When he wanted more bite out of the cello section, Jack would say, “Let’s have some toast for the poached eggs.” He could empower a player to play beyond his or her normal capacities. I was totally terrified of him, but we became very good friends, and we often had breakfast together when we were on the road.

Later, when Jack became music director of the American Ballet Theatre and I was the principal cellist, he inserted cello solos into his arrangements, saying that I was irresistible in the key of D minor. I played solos with him in performances of Giselle, Bayadere, and Sleeping Beauty, which were broadcast on the “Live from Lincoln Center” PBS series, and played countless performances of Swan Lake and other popular ballets that were not televised. My greatest experience with Jack was doing several performances of Schoenberg’s Pierrot Lunaire at the Met, with Rudolf Nureyev dancing the role of Pierrot. Working with Jack taught me to have confidence in my ability to please conductors, particularly the excellent conductors I would later encounter at the Lyric Opera of Chicago. A treasured autographed picture of Jack hangs in my studio.

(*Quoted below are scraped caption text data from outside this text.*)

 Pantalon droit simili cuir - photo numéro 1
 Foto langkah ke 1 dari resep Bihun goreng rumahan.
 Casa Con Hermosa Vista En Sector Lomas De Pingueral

Three young people used to show up at every single performance on our 1967 Royal Ballet Tour. They would travel (perhaps hitchhike) from one city to the next. One young lady named Helene was obviously in love with Rudolph Nureyev, and she pestered him to the point where he finally hit her. It incensed me so much that when Nureyev took his bow I would boo him. Nureyev tried to get me fired for this, but Jack told him that it was not possible. Jack suggested that I should look the other way.

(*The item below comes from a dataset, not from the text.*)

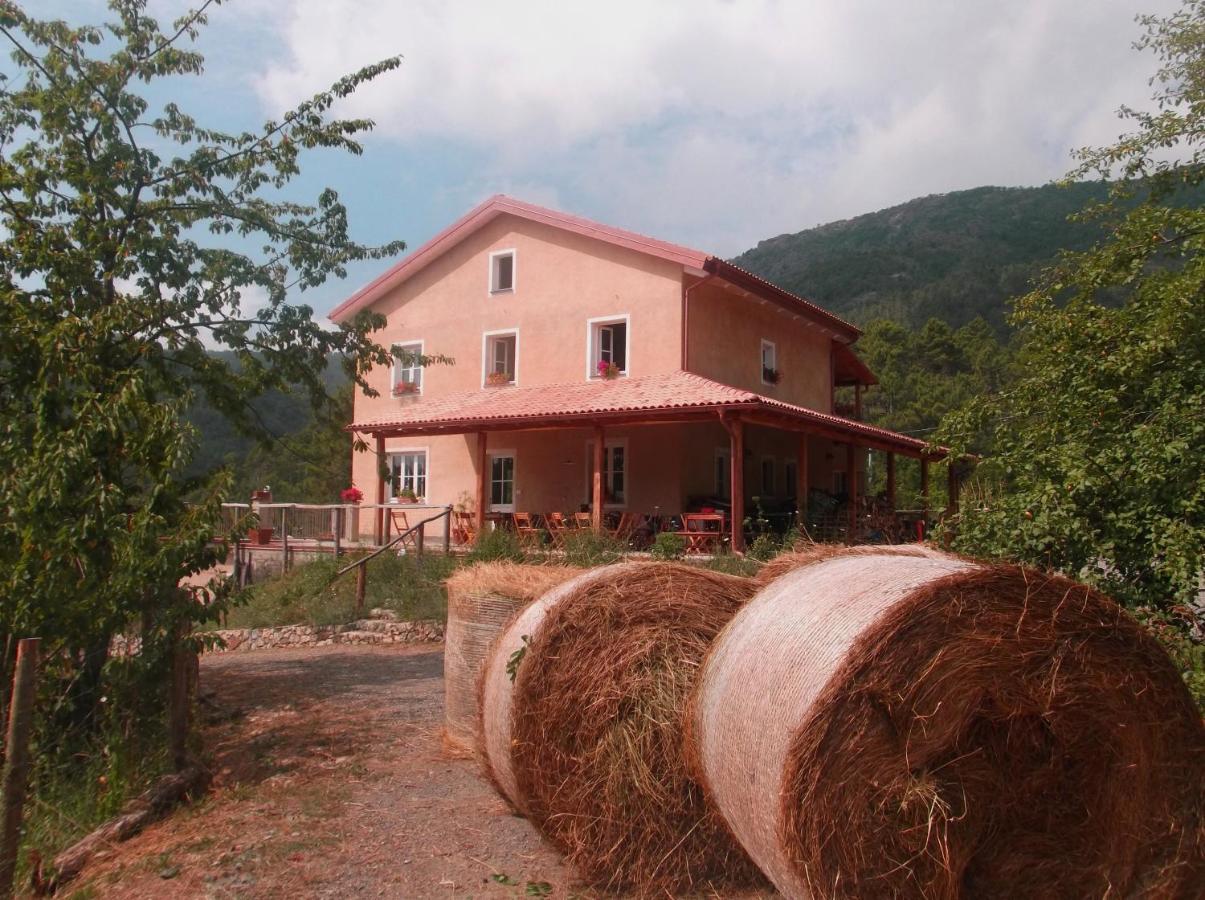 Agriturismo Di Charme E Ristorante Stallato Il Filo Di Paglia Carro Extérieur photo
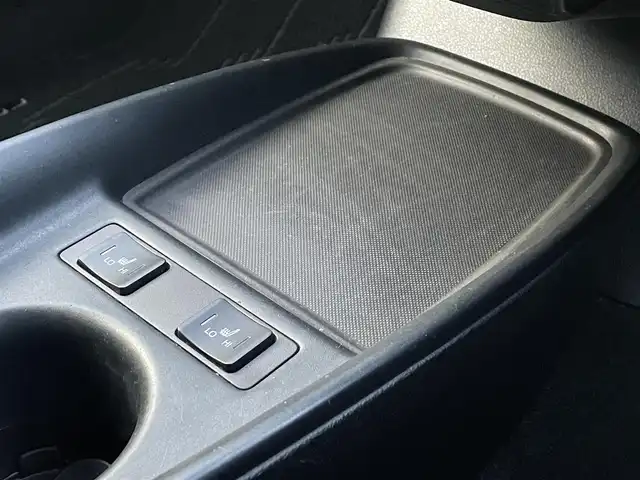 トヨタ プリウス Sツーリングセレクション 群馬県 2020(令2)年 7.5万km スーパーホワイトⅡ モデリスタエアロ/トヨタセーフティセンス/・車線逸脱警報装置/・レーダークルーズコントロール/・オートハイビーム/・衝突被害軽減ブレーキ/純正SDナビゲーション/・フルセグTV/BT/SD/CD/FM/AM/全方位カメラ/バックカメラ/ETC2.0/前方ドライブレコーダー/革張ステアリング/ステアリングリモコン/シートヒーター/プッシュスタート/LEDヘッドライト/フォグライト/オートライト/電動格納ミラー/純正フロアマット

Rudy was a real artist. Helene, a true balletomane, compared him to Michael Baryshnikov when Baryshnikov came to the American Ballet Theatre in 1974, and considered Baryshnikov a mere acrobat compared to Rudy. Nureyev came to the American Ballet Theatre as a conductor near the end of his losing battle with AIDS. It was his lifelong desire to conduct Prokofiev’s Romeo and Juliet. I took off the run, but my colleagues told me he did well. I was faced in the opposite direction when I worked with him, so his artistry was totally lost on me.